During the late 1950s, Marber designed covers for The Economist magazine. He stated that “the newsprint paper and the coarseness of the halftone printed by letterpress [of the Economist] suited the boldness of my work… Black with red is simple and dramatic.” When describing the process of designing the covers, Marber recalled the prolonged wait for editorial decisions to be made, and enjoying the speed of the illustration process.

In 1961, impressed by Marber’s covers for The Economist, Germano Facetti commissioned Marber to design covers for Simeon Potter's Our Language and Language in the Modern World. For the cover of Our Language, Marber recalls that he was “trying to convey that the language is English and evolving.”

== The 'Marber Grid' ==
Soon after these initial designs, Germano Facetti (art director at Penguin from 1960 to 1972) asked Marber to submit a proposal for a new cover approach for the Penguin Crime series. He was asked to do twenty titles in four months between June and October. Marber chose to retain the green colour for the series, though he used a 'fresher' shade, and kept the horizontal banding of the previous Edward Young designs. The image on Marber's covers occupies just over two-thirds of the space, while the title section at the top is divided into three bands carrying colophon/series name/price, the title and the author's name, with the type ranged left. The design was seen as so successful that Facetti adopted it, essentially unchanged, for both the blue Pelican and orange literature covers.
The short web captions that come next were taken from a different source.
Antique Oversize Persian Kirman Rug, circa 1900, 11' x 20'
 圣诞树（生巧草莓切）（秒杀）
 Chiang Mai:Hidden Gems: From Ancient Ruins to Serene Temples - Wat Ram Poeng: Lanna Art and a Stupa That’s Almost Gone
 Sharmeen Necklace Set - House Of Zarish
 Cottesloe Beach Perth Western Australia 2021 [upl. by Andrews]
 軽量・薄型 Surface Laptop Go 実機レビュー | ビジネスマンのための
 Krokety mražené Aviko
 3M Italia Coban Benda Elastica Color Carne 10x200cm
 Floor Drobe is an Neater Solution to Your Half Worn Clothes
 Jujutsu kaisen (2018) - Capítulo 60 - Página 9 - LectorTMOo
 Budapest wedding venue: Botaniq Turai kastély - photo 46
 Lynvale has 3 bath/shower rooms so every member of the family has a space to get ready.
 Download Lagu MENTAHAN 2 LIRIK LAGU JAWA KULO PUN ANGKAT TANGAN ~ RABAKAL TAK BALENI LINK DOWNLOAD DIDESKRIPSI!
Penguin Books eventually decided that books in a series by the same author should have their own individual pictorial identification. Marber edited his original designs for Dorothy L. Sayers books by adding a small white figure, which he included in different postures on each cover. Marber became tired of designing crime fiction book covers. After taking a hiatus for a few years, he was asked to design the covers for six Angus Wilson novels. By then, Penguin Books had a new 'house style', where the 'Penguin' logo had to be placed in the top right hand corner of the cover.

== Retrospective Exhibition: Graphics ==
In 2013, The Minories, Colchester exhibited a retrospective of some of the graphic work designed by Marber for Penguin Books, The Economist, New Society, Town and Queen magazines, Nicholson’s London Guides, BBC Television, Columbia Pictures, the London Planetarium and others. It included enlarged versions of many of his book cover designs along with drawings and sketches documenting the Marber Grid, original spreads from magazines and original books. The exhibition was later shown at the University of Brighton and the Galicia Jewish Museum in Krakow.

== Personal life ==
Marber lived in Stisted, outside of Braintree, Essex and died there on March 30, 2020. He is survived by his long term partner, graphic designer Orna Frommer Dawson. He lost his belief in God as a teenager.

== Publications ==
In 2010, Marber published an autobiography of his experiences during World War Two: No Return: Journeys in the Holocaust (Richard Hollis; 1st edition, 2010).